An analyst wonders if the age distribution of customers coming for service in town is the same as at the mall branch. He selects 100 transactions at random from each branch and researches the age information for the associated customer. These are the data :
Age
< 30 30 - 55 56 + Totals
Distribution In town 24 37 35 96
mall 29 49 19 97
Totals 53 86 54 193
Enter your answers or calculations in the yellow cells.
1 Write the null hypothesis regarding distribution of ages by bank locations town and mall branch.
Which type of test is required (goodness of fit, independence, homogeneity)?
2 Compute
Age Groups
< 30 30 - 55 56 +
Expected (E) In town
mall
Age Groups
< 30 30 - 55 56 +
(O - E)2/E In town
mall
3 What is the chi square test statistic? Note: =CHISQ.TEST does not compute the chi-squared test statistic. It computes p-value.
4 What is the degrees of freedom of the chi-squared test statistic?
Use an Excel function to compute the critical value at alpha = 0.05.
5 State your decision about H0 with the significance level. Are the bank distributions the same (Yes/No)?
Analyzing Age Distribution of Customers at Town and Mall Branches
Introduction
In this study, we aim to investigate whether the age distribution of customers seeking services at a town branch is similar to that of a mall branch. By conducting a statistical analysis, we can determine if there are any significant differences in the age groups of customers visiting these two locations.
Thesis Statement
The null hypothesis states that there is no significant difference in the age distribution of customers between the town branch and the mall branch. To test this hypothesis, we will perform a chi-squared test to determine the level of association between age groups and branch locations.
Hypothesis Testing
1. Null Hypothesis (H0): The age distribution of customers at the town branch is the same as that of the mall branch.
2. Type of Test: We will be conducting a goodness-of-fit test to compare the observed and expected frequencies of age groups at each branch location.
Data Analysis
Computation
- We will calculate the expected frequencies for each age group at the town and mall branches based on the total number of transactions.

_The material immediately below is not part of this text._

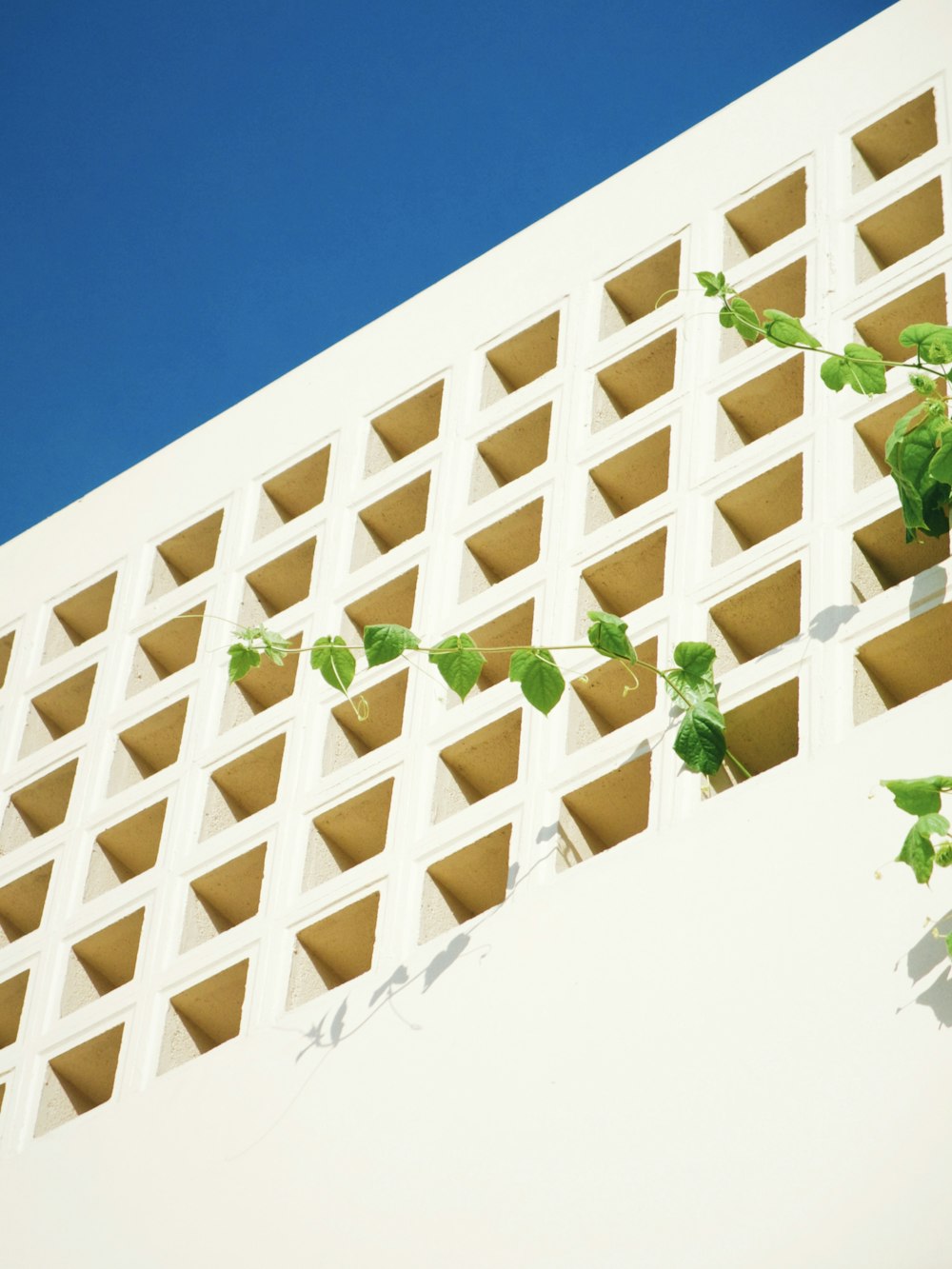 a white building with a plant growing out of it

- Next, we will compute the chi-squared statistic using the formula: ((O - E)^2 / E), where (O) is the observed frequency and (E) is the expected frequency.
Results
3. Chi-Squared Test Statistic: The chi-squared test statistic will provide us with a measure of how well the observed data fit the expected distribution.
4. Degrees of Freedom: The degrees of freedom for the chi-squared test statistic can be calculated based on the number of categories and observations in our data.
5. Decision on H0: Using a significance level of 0.05, we will compare the calculated chi-squared value with the critical value from the chi-squared distribution. Based on this comparison, we will either reject or fail to reject the null hypothesis.
Conclusion
By conducting a thorough analysis of the age distribution of customers at the town and mall branches, we can gain valuable insights into potential differences in customer demographics between these two locations. The results of this study will help businesses tailor their services to better meet the needs of their target customer segments.